Mario Sanz walks down the steps from the Cabo de Gata’s lighthouse tower. Date: 14/07/2017. In a regular basis, Mario has to take care of three lighthouses and the maritime signals and buoys at see or at the ports. In this occasion he is doing maintenance work a an other light house covering the holidays from one of his colleagues.
A gondolero dries he’s gondola after the rain in the Canonica Palazzo Canal of Venice, Italy. Date: 02/2010. Photoghrapher: Xabier Mikel Laburu Van Woudenberg. *Image taken in B/W film.
A tourist guide calls the attention of her group in front of the San Marco Basilica in Venice, Italy. Date: 02/2010. Photoghrapher: Xabier Mikel Laburu Van Woudenberg. *Image taken in B/W film.
A tourist wears a Carnival mask in the Sant Marco Square in Venice, Italy. Date: 02/2010. Photoghrapher: Xabier Mikel Laburu Van Woudenberg. *Image taken in B/W film.
Farida teaches a group of children how to count in class.
Jaime Bellini, stands in front of the entrance of his bookshop in the Princep de Viena street of Barcelona, Spain. Date: 16/09/2015. Photo: Xabier Mikel Laburu. Bellini emmigrated from Galicia after the Spanish Civil War, after working in several jobs, in 1960 he opens a second hand bookshop. Now he is retired but opens the shop every days for a few hours to ventilate the stock and talk with the few old neighbors or clients that still remain. His son decided to continue the business but sells in the markets while he uses the bookshop as a storehouse.
Tourists walk in front of the closed blind from the El Indio shop in Carme street of Barcelona, Spain. Date: 07/09/2015. Photo: Xabier Mikel Laburu. Dating back to the 1850’s this shop was one of the referents in cloth sales in Barcelona and the rest of Spain. After the civil war the owners disappeared and the father from the last owner of the shop (Victor Riera), who was a worker in the shop at the time, found the way to buy it with help of a parter in 1940. Victor Riera, would take over the shop in 1970 and would keep it working until December 31st of 2014, when, in part for retirement and in part due to the changes in the rental conditions, made him decide it was not worthed to continue the business.

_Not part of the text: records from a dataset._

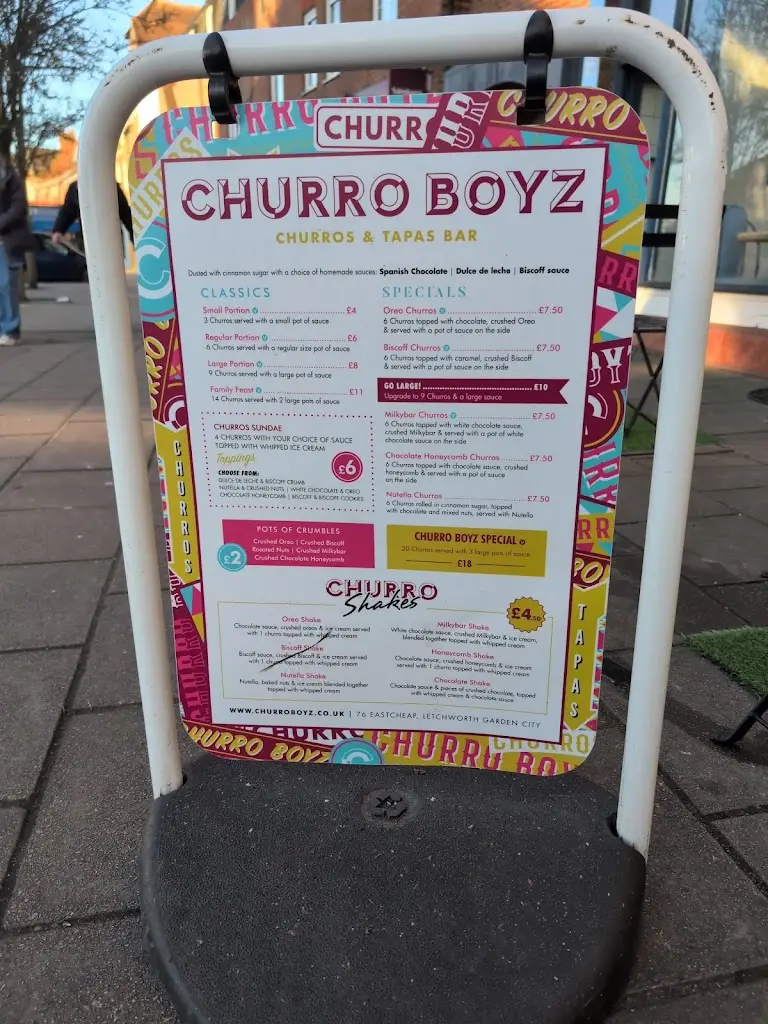 Menu_Churro Boyz_Letchworth_image_1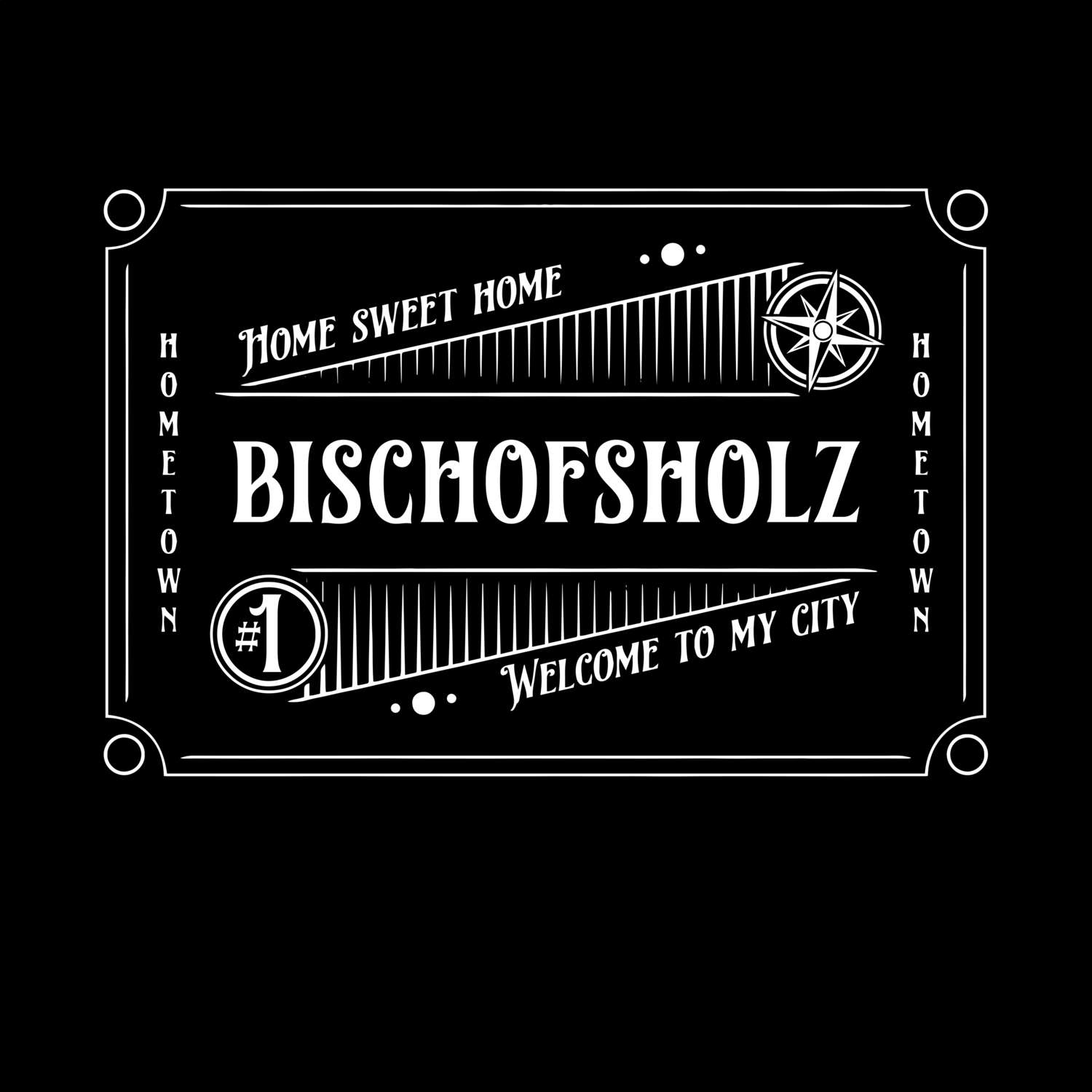 T-Shirt »Rockabilly« für den Ort »Bischofsholz«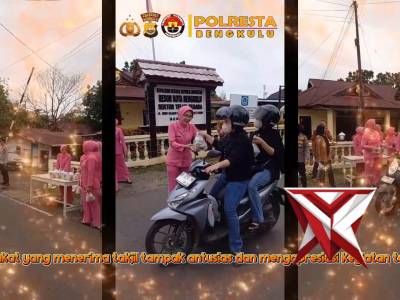 Personel Polsek Teluk Segara Polresta Bengkulu bersama Bhayangkari dan personel Polsubsektor Sungai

Luis Sanroman attends a client in the Churreria Banys Nous in Barcelona, Spain. Date: 18/09/2015. Photo: Xabier Mikel Laburu. This churro shop was property from one of the uncles from Luis Sanroman, the owner. In 1969 his father started working in the shop and when he retired in 2014, Luis took his place. Luis says that he has a rental contract that expires in 10 years and has no idea about what will happen there on. He recognizes that if he could he would like to buy the shop since he always has been there.

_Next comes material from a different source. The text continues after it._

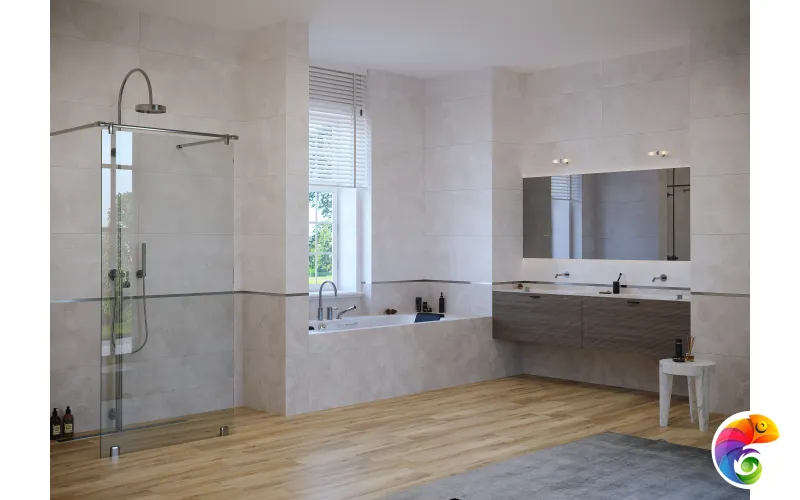 Керамогранит Meissen State синий ректификат 44,8x89,8 16886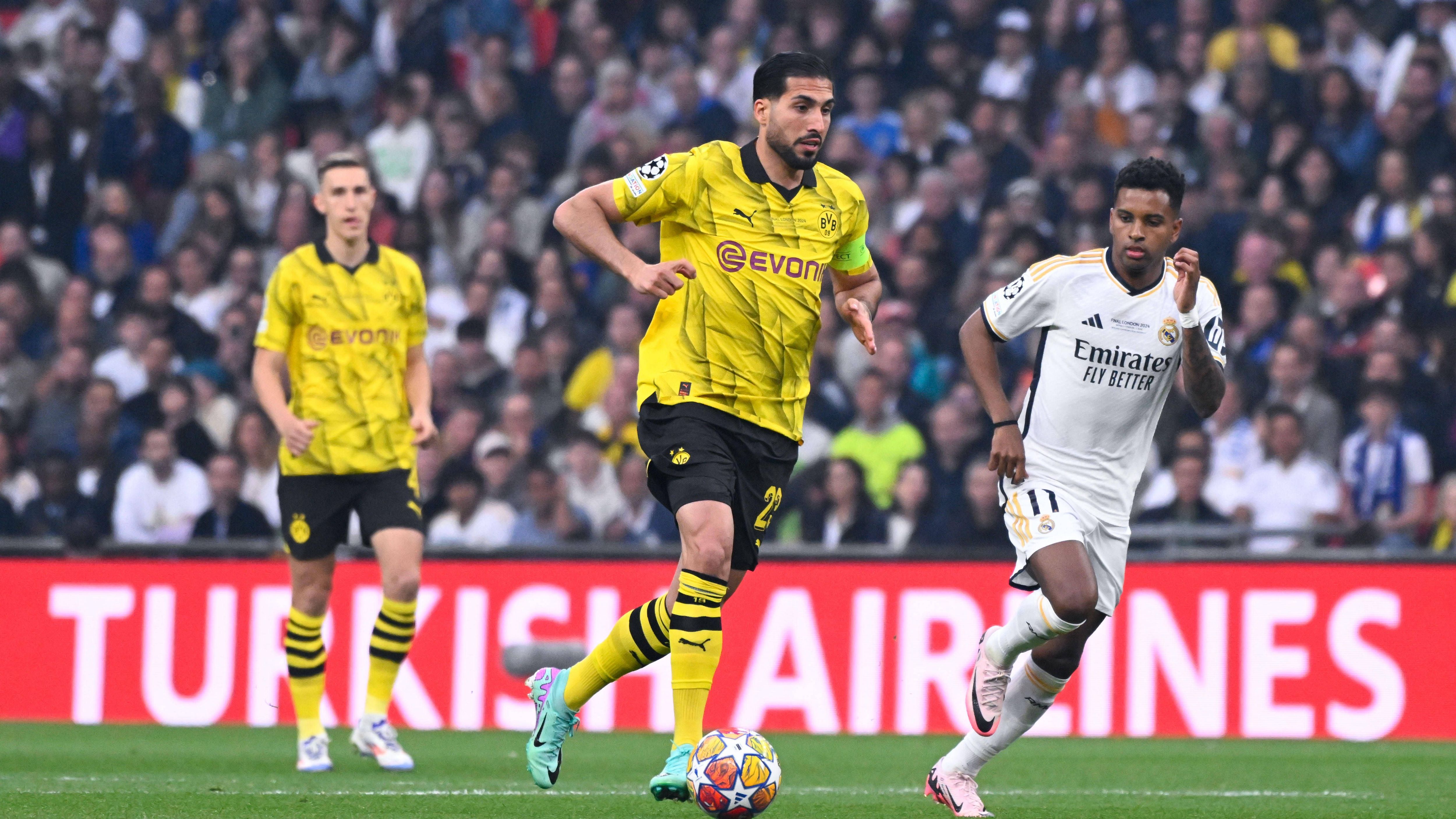 <strong>Emre Can (Borussia Dortmund)</strong><br>Der Kapitän zeigt eine konzentrierte Vorstellung im defensiven Mittelfeld, leistet sich nahezu keine Stockfehler oder Fehlpässe. Lässt sich teilweise tief fallen, um die Dortmunder Angriffe von hinten einzuleiten. Muss beim Stand von 0:1 sichtlich verärgert für den offensiveren Malen weichen (81.). <strong><em>ran</em></strong><strong>-Note: 3</strong>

Detail of a client sited on a barber chair in the extinct Peluqueria 11 barbershop of Tallers Street in Barcelona, Spain. Date: 03/2003. Photo: Xabier Mikel Laburu. Vicens Amat was the last proprietary of the barbershop. The father of Vicens was the first of the two generation barbershop history. Though Vicens Amat never liked to work as a barber, he combined his studies with working in the shop, mainly taking care of the accounts. In 1982 his father dies and he decides to leave his current job as a High-School teacher and work full time in the barber shop. The fall in client numbers, the competence in the neighborhood with other barbershops managed mainly by immigrants and facing retirement, made him close the barbershop.

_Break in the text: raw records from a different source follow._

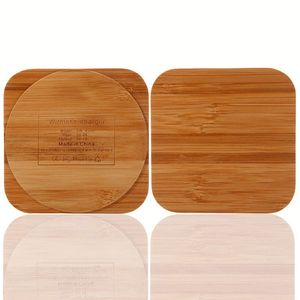 2026 New Trending Bamboo <b>Wireless</b> Charger 15W Fast Charging Universal Charger Universal for Iphone/For Samsung/huawei/xiaomi - Product Image 3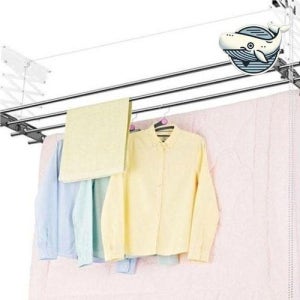 천장형 슬라이드 빨래건조대 실내 빨래건조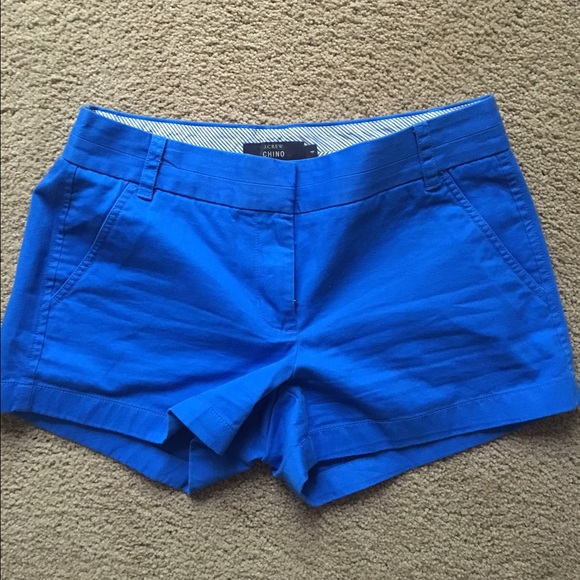 J.CREW 3" chino shorts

Portrait of Florenci Torrent (88) wearing a traditional Catalan hat and girdle in the restaurant he founded in Sant Marti de Llemana, Spain. Date: 29-09-2017. Photo: Xabier Mikel Laburu. Florenci says he is apolitical following the advice of his uncle who was executed by the Franco regime at the end of the Spanish Civil War. He confesses he feels Catalan, and that his life has been a constant of hard working. Not knowing what to expect from the possible outcome he does not want to adventure in suppositions arguing that he has little time left and he will not probably see it. As what it would look like a contradiction, he feels nostalgic from the Franco era, not for it’s ideology since he never has been able to overcome the death of his uncle, but because life was simplier than in our days.